The Radio Times Guide to Films gave the film 3/5 stars, writing: "Adapted from a novel by H.E. Bates and set on a remote farm in 1942, this unlikely drama might have provoked a few unintentional smirks if it hadn't been so sensitively played by Glenda Jackson and Brian Deacon. Michael Apted's careful direction makes the ruse of disguising deserter Deacon as Jackson's sister seem almost credible, while his recreation of the tranquil wartime countryside makes the abrupt intrusion of vulgar sergeant Oliver Reed all the more foreboding."

The Guardian called it "nothing very special... but at least it's a good story, well told." The same paper later said the movie "got some good critical reaction but did nothing at the box office."

==Awards==
Michael Apted was nominated for a Golden Prize Award at the 8th Moscow International Film Festival in 1973. (The film had been banned from the festival originally but this was lifted after a small cut was made to a sex scene.)

==Home media==
The Triple Echo was released on VHS in the United States in 1985 Paragon Video Productions.

The film has never been made available on DVD format in the United Kingdom or United States.
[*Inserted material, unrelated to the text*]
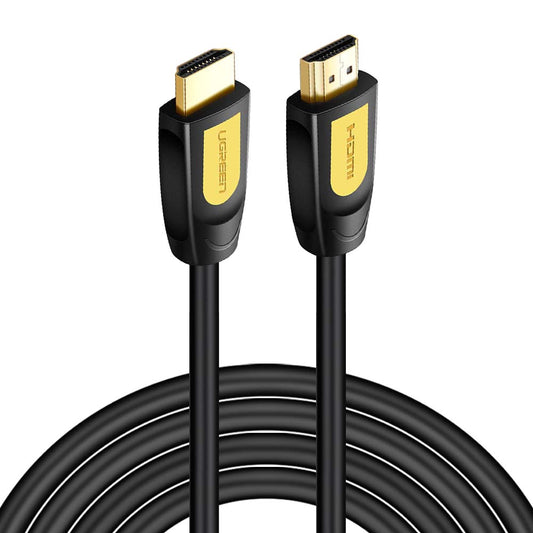 Uniqkart 10129 2m 4K/60Hz HDMI 2.0 Cable UHD TV Monitor Video Transmission Cord for Xbox 360/PS5/Laptop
It was however released in Germany as Desertiert:Der Kampf ums Überleben, on 1 December 2016 from Medien GmbH distribution. The film has also been released in Spain as La Máscara y la Piel.

On 10 January 2019, it was announced that The Triple Echo would be made available on Blu-ray from Powerhouse films subsidiary, Indicator. It features a new 2K restoration of the film as well as original Mono audio. A number of new special features are included and limited edition exclusive booklet with the first pressing. The set was released on 25 March 2019.